**Prompt**
While copying the entries exactly, leave out each picture they contain.

**Available data**
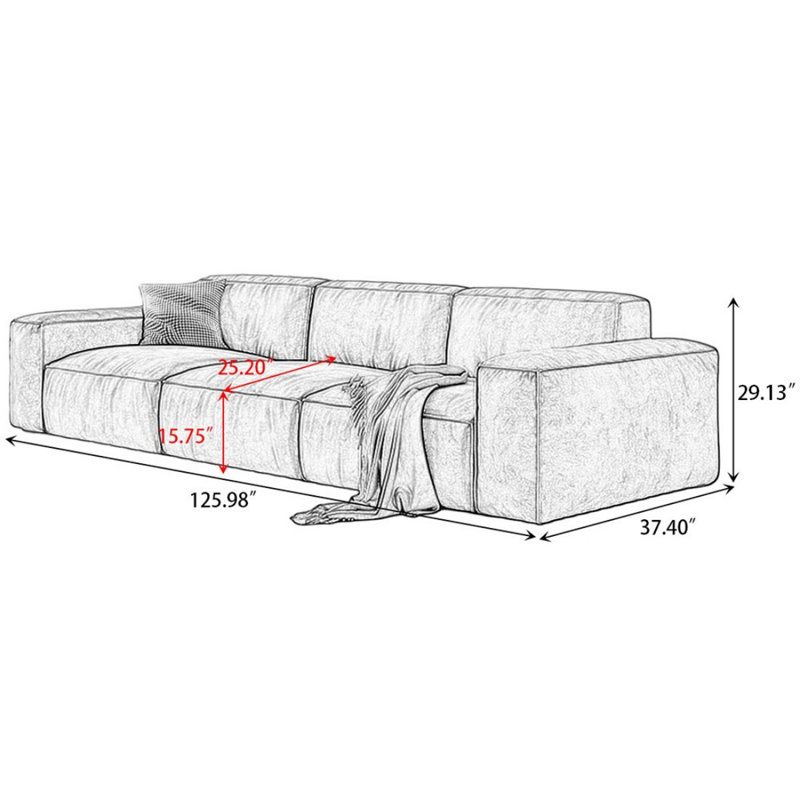 Canapé modulaire jaune en polyester, 29,13 po H x 125,98 po l x 37,4 po P, 4, Jaune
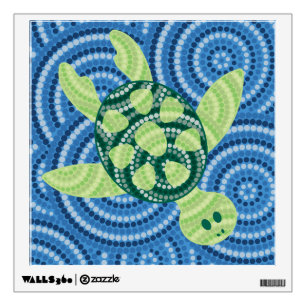 Aboriginal turtle dot painting wall decal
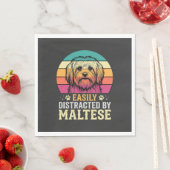 Maltezer Hond Retro Zonsondergang Afleid Servet (Insitu)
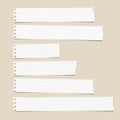 White ruled horizontal torn note, notebook, copybook paper sheets stuck on brown squared pattern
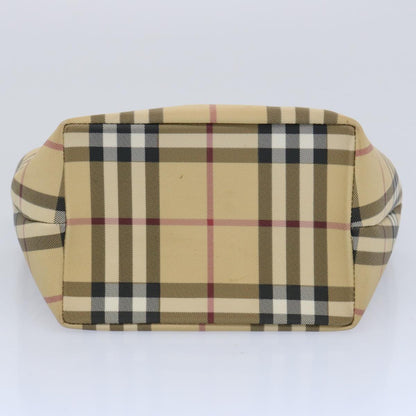 Burberry Nova Check Hand Bag Coated Canvas Beige Auth bs10942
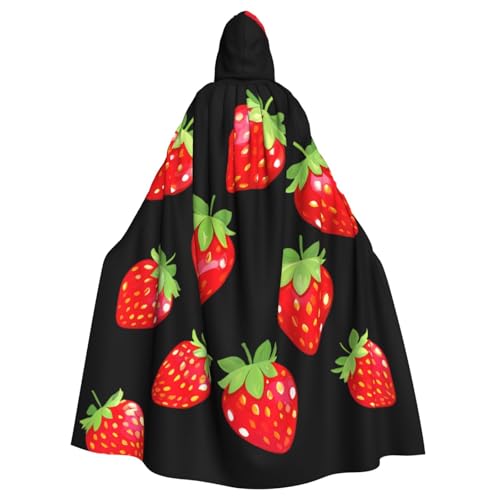 YYHWHJDE Shining Diamond Strawberries Prints Halloween Adult Hooded Cloak for Parties and Costumes von YYHWHJDE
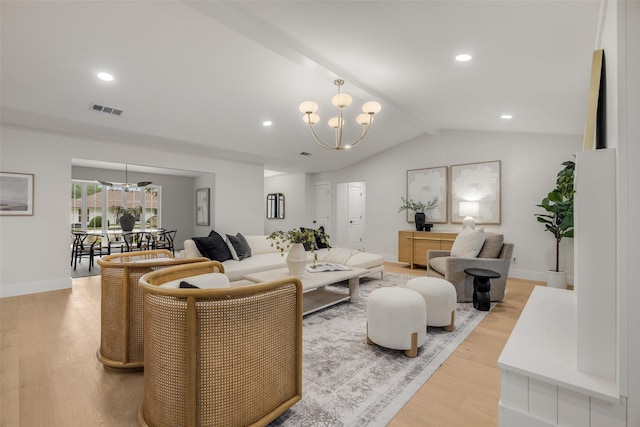 4508 Thunder Rd, Dallas, TX 75244 - living room with a chandelier, light wood-style floors, vaulted ceiling, recessed lighting, and baseboards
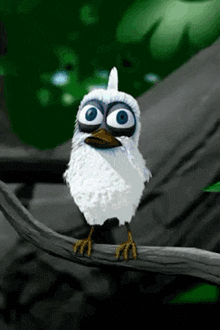 a cartoon bird with big blue eyes is standing on a tree branch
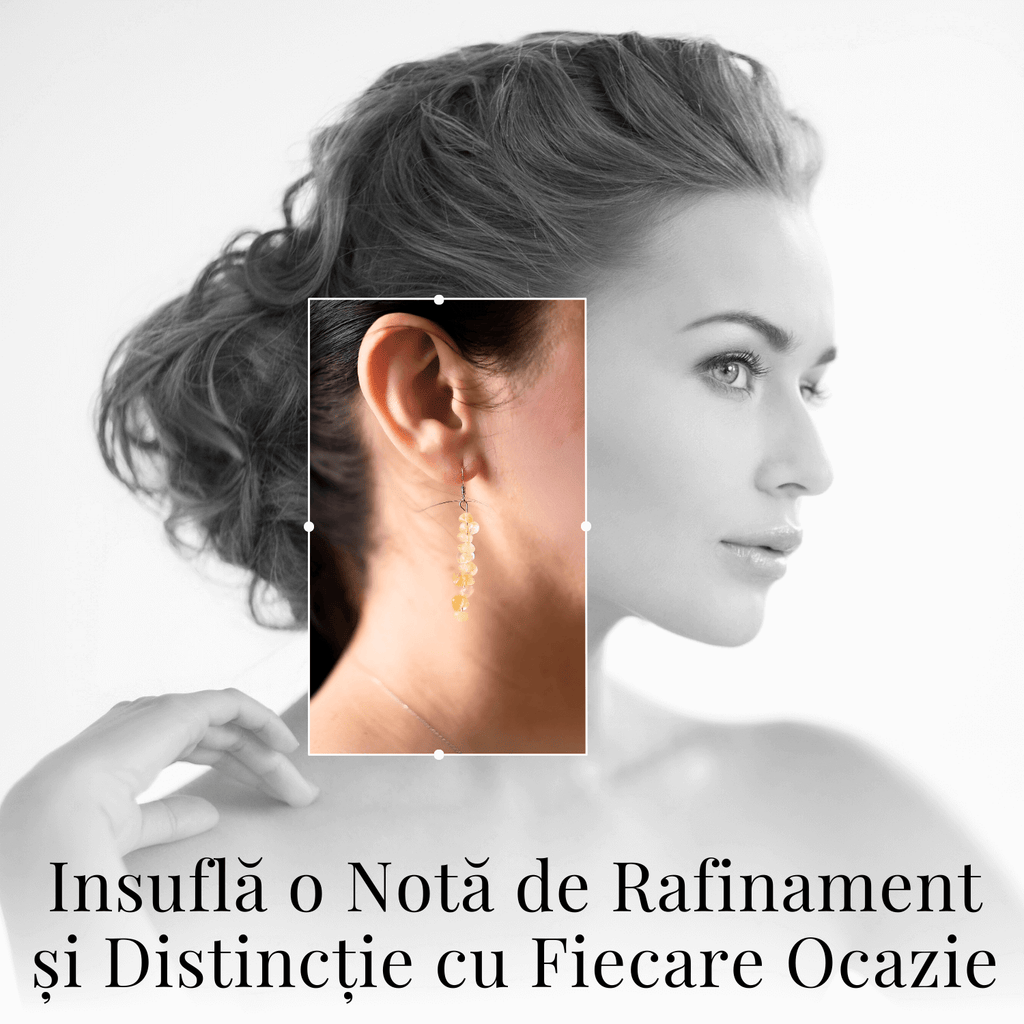 Cercei Lungi cu Pietre Semipretioase de Citrin Natural si Elemente din Alama, Bijuterii Aurii pentru Femei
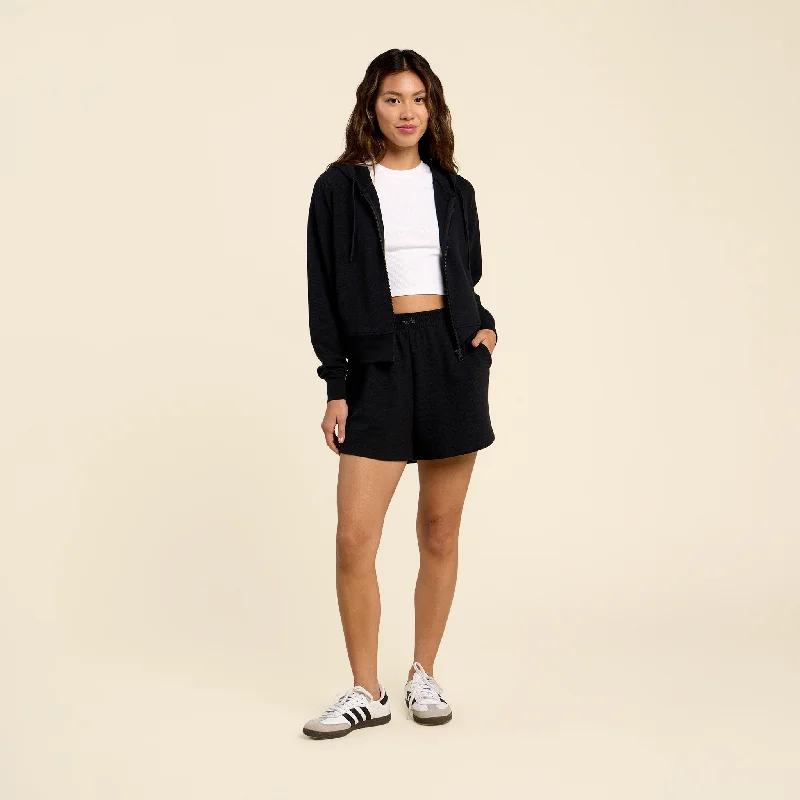 Sporty Waffle Shorts | Black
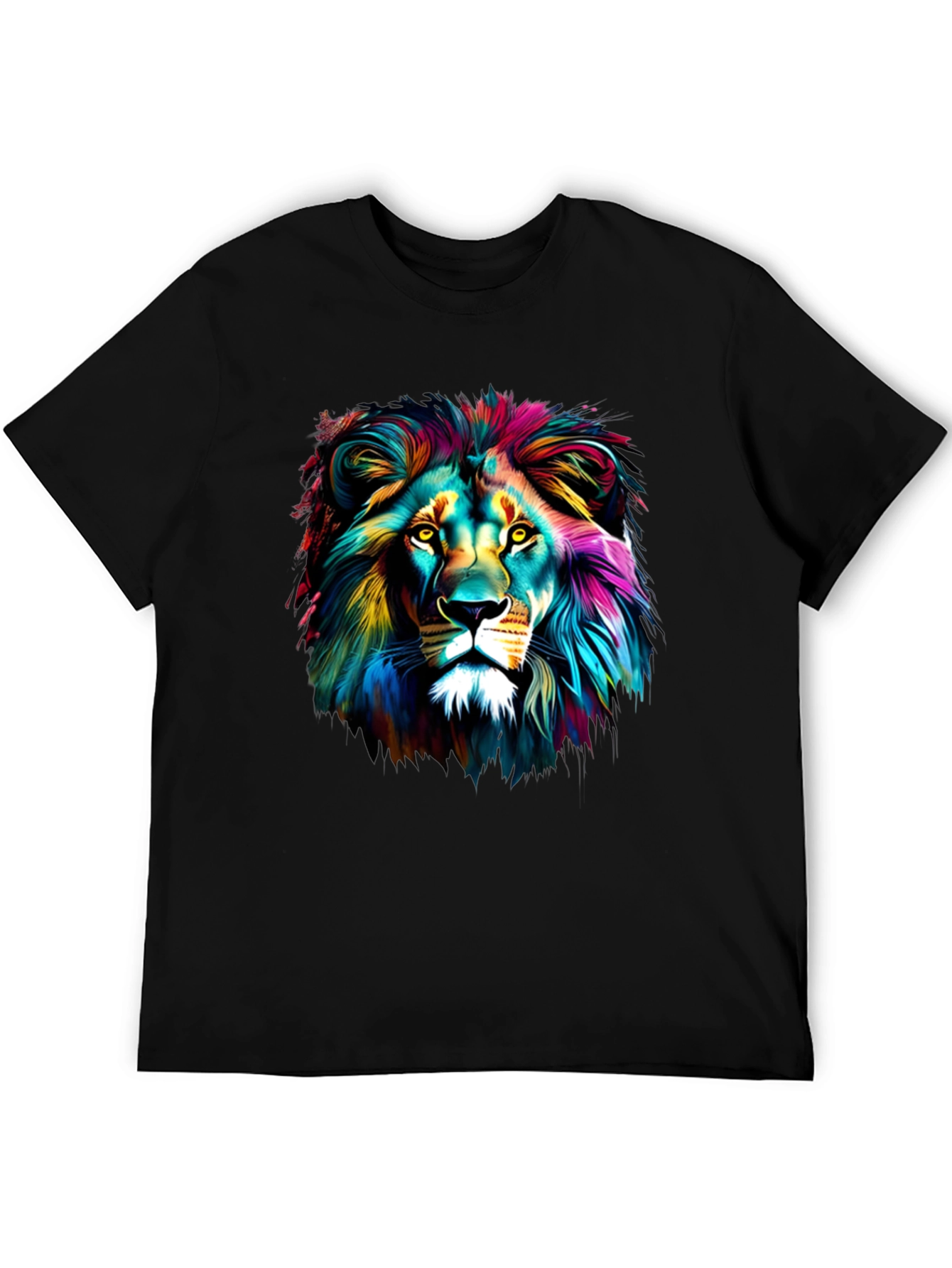 Vibrant Lion Graphic Tee - Unisex Black T-Shirt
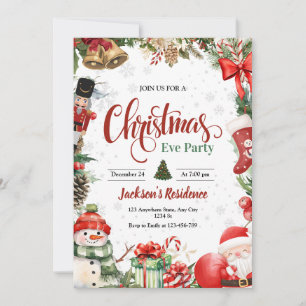 Christmas Party Invitation, Christmas Eve Dinner Holiday Card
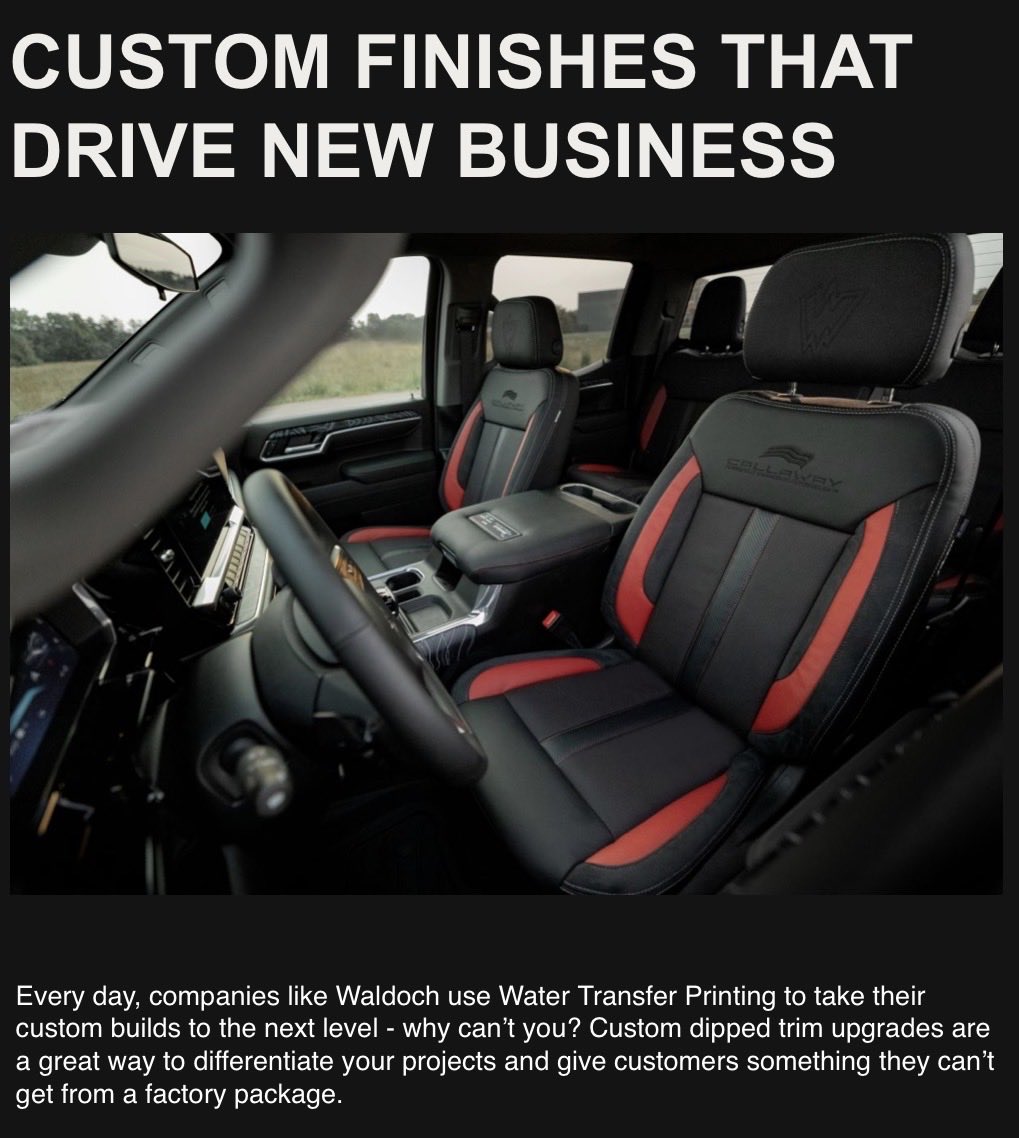 WaldochCustoms's tweet photo. More info on the Black Ops Bold (White Lines) water transfer printing film used in the Callaway Cars Inc x Waldoch Launch Edition Silverado interior.
https://t.co/TcknZcwvxq
#waldoch #callawaycars #watertransferprinting #hydrodip #loweredtrucks https://t.co/id2bgMvcCY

**Response to the exercise**
 Canapé modulaire jaune en polyester, 29,13 po H x 125,98 po l x 37,4 po P, 4, Jaune
 Aboriginal turtle dot painting wall decal
 Maltezer Hond Retro Zonsondergang Afleid Servet (Insitu)
 White ruled horizontal torn note, notebook, copybook paper sheets stuck on brown squared pattern
 Burberry Nova Check Hand Bag Coated Canvas Beige Auth bs10942
 YYHWHJDE Shining Diamond Strawberries Prints Halloween Adult Hooded Cloak for Parties and Costumes von YYHWHJDE
 4508 Thunder Rd, Dallas, TX 75244 - living room with a chandelier, light wood-style floors, vaulted ceiling, recessed lighting, and baseboards
 a cartoon bird with big blue eyes is standing on a tree branch
 Cercei Lungi cu Pietre Semipretioase de Citrin Natural si Elemente din Alama, Bijuterii Aurii pentru Femei
 Sporty Waffle Shorts | Black
 Vibrant Lion Graphic Tee - Unisex Black T-Shirt
 Christmas Party Invitation, Christmas Eve Dinner Holiday Card
 WaldochCustoms's tweet photo. More info on the Black Ops Bold (White Lines) water transfer printing film used in the Callaway Cars Inc x Waldoch Launch Edition Silverado interior.
https://t.co/TcknZcwvxq
#waldoch #callawaycars #watertransferprinting #hydrodip #loweredtrucks https://t.co/id2bgMvcCY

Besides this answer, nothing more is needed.